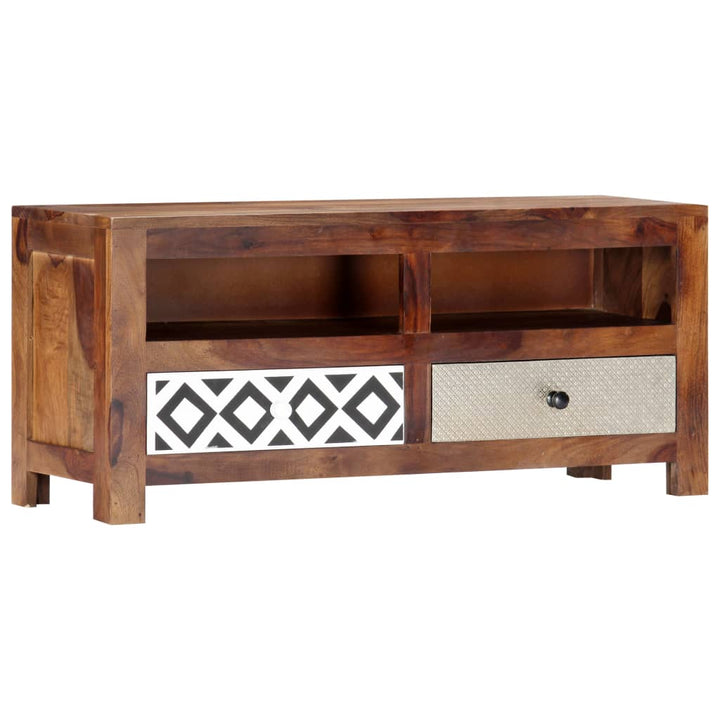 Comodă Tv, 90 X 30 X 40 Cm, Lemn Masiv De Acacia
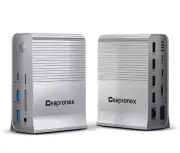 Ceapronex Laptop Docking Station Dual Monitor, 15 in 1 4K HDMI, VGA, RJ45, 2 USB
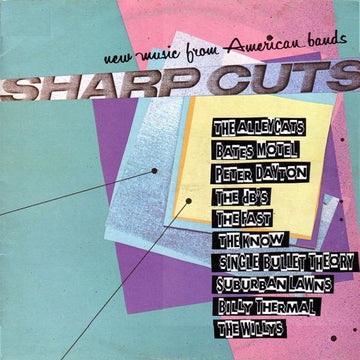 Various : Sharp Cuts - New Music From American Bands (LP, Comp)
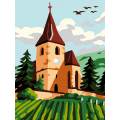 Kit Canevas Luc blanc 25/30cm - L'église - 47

++++++++

• _Aim of the task_
Only the lines from the one with "Ceapronex Laptop Docking" through the end of the listing should be transcribed, exactly and without pictures.

• _Solution below_
 Ceapronex Laptop Docking Station Dual Monitor, 15 in 1 4K HDMI, VGA, RJ45, 2 USB
 Various : Sharp Cuts - New Music From American Bands (LP, Comp)
 Kit Canevas Luc blanc 25/30cm - L'église - 47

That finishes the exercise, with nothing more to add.